L’employeur doit prendre garde à ce que le salarié ne fractionne pas ses congés payés, en posant des dates de départ de telle façon qu’elles lui permettent d’économiser le jour non travaillé en raison de la répartition de son horaire. Par exemple, un salarié travaille les lundi, mardi, jeudi et vendredi. S’il pose des congés payés le lundi et le mardi, l’employeur lui décompte 3 jours ouvrés (lundi, mardi et mercredi).
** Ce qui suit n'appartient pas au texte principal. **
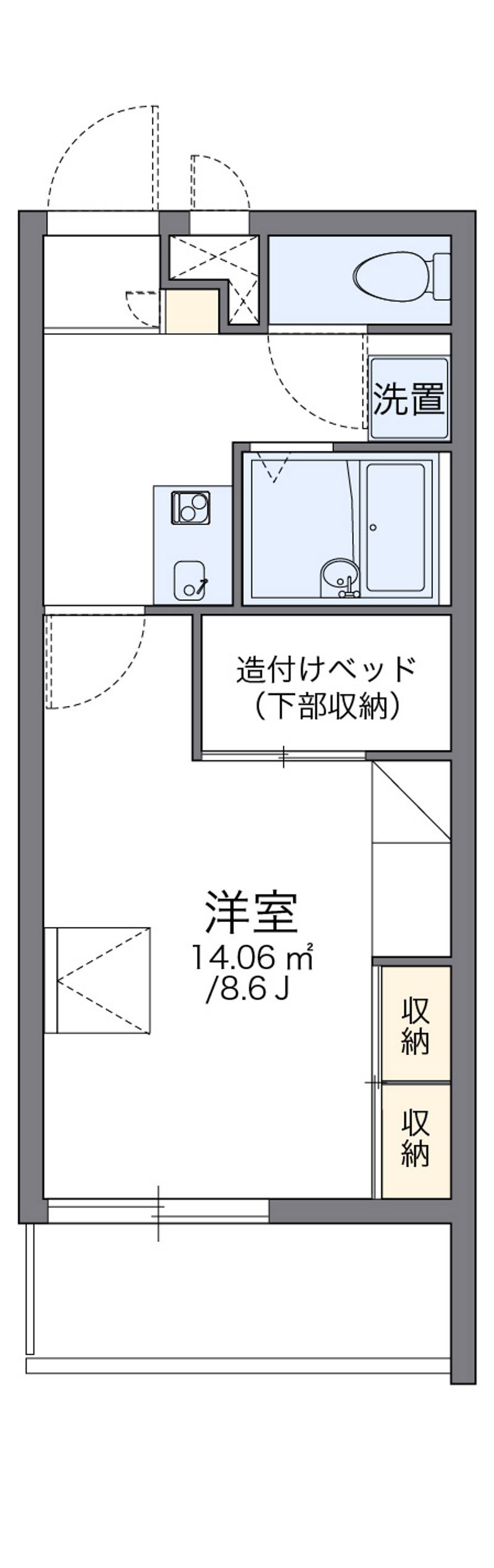レオパレスセジュール和泉 間取図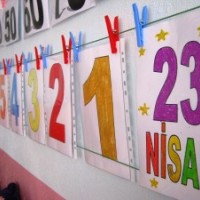 artık materyaller,yılbaşı,boyama çalişması,kağit işleri (253)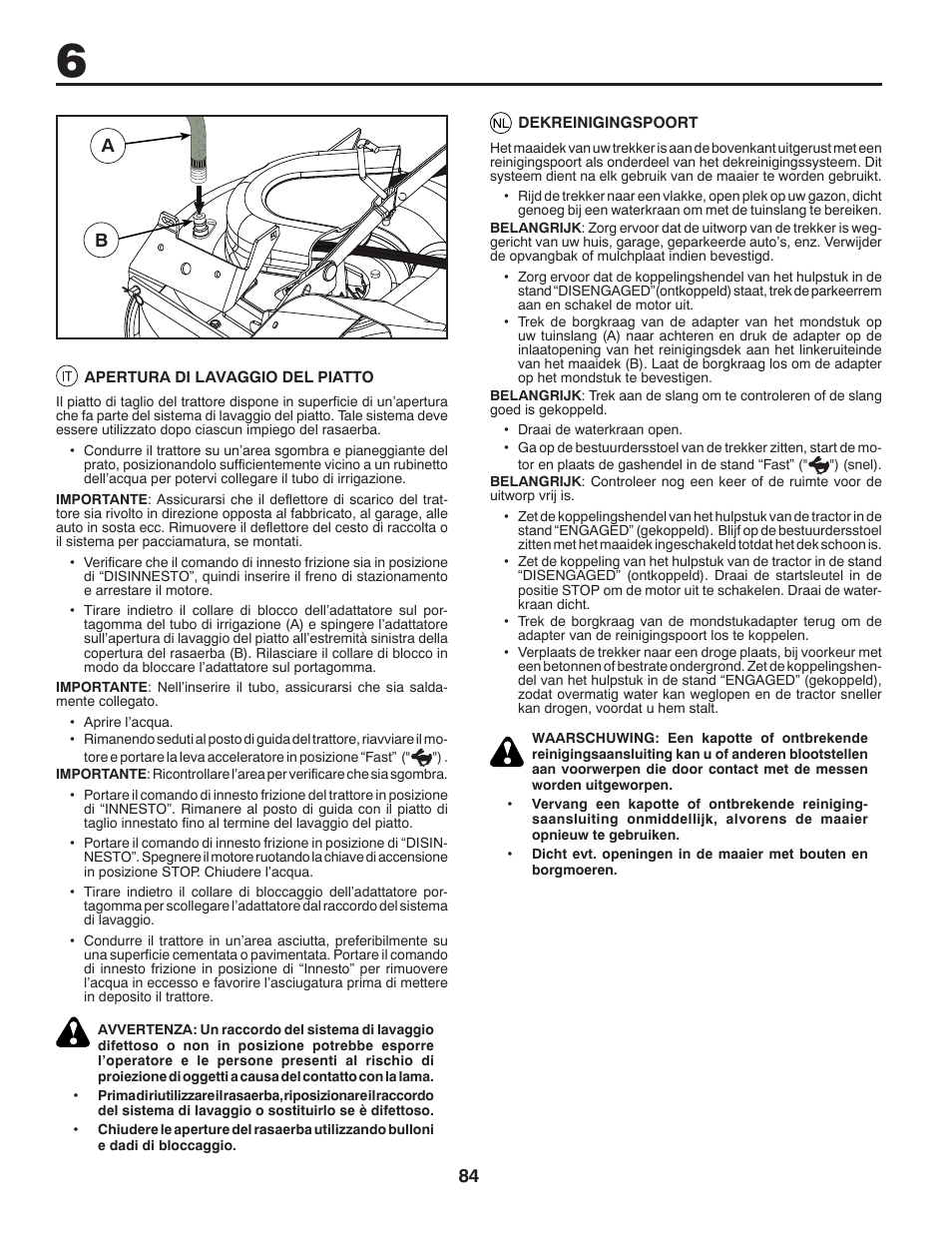 84 a b | McCulloch 532 43 86-30 User Manual | Page 84 / 92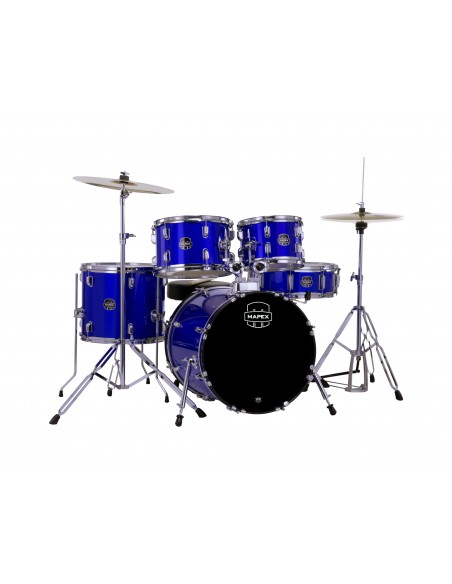 CM5844FTCIB Comet Jazz/Junior 18 5F Bleu Indigo Complete Avec Hardware, Siege Et Cymbales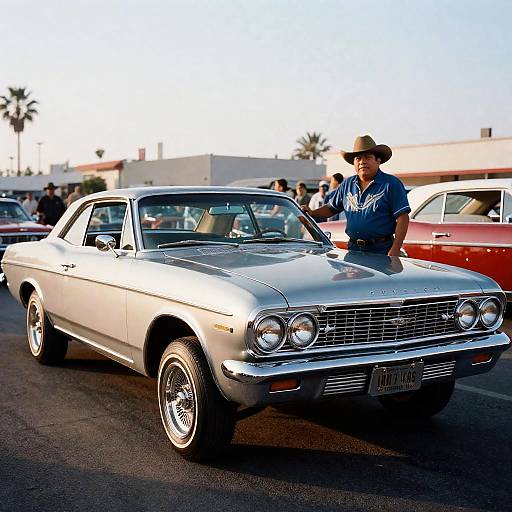 Mexican-American Lowrider and Vintage Muscle Car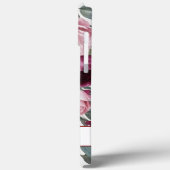 Moderne, elegante Bordeaux-Rosa Case-Mate iPhone Hülle (Rückseite / Links)
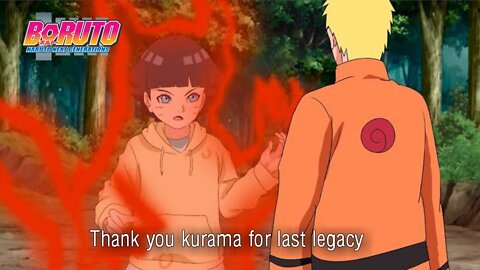 WHAT IF HIMAWARI USE POWER OF KURAMA 🔥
S’il pose en congés le jeudi et le vendredi, l’employeur ne lui décomptera que 2 jours ouvrés de CP : le salarié « économise » ainsi le mercredi.

Pour éviter un mode de décompte qui favoriserait les salariés à temps partiel par rapport aux salariés à temps complet, l’employeur peut décider de mettre en place un règle selon laquelle les congés payés se prennent par semaine entière ou n’accepter des demandes de congés que si le nombre de « mercredis » requis est atteint.

3 – La rémunération des congés pris : attention à la rémunération

L’indemnité de congés payés est calculée selon les mêmes règles que si le salarié travaillait à temps plein. Elle est donc égale au dixième de la rémunération totale perçue par le salarié au cours de la période de référence (c. trav. art. L. 3141-22) sans pouvoir être inférieure au montant de la rémunération qui aurait été perçue pendant la période de congé si le salarié avait travaillé (maintien de salaire, voir fiche pratique « Congés payés » pour plus de détails). L’employeur retient le mode de calcul le plus avantageux pour le salarié, ce qui se traduira en pratique par le choix de la règle du 10ème lorsque le salarié travaillait précédemment à temps plein et de la règle du maintien de salaire lorsque le salarié a augmenté son volume de travail.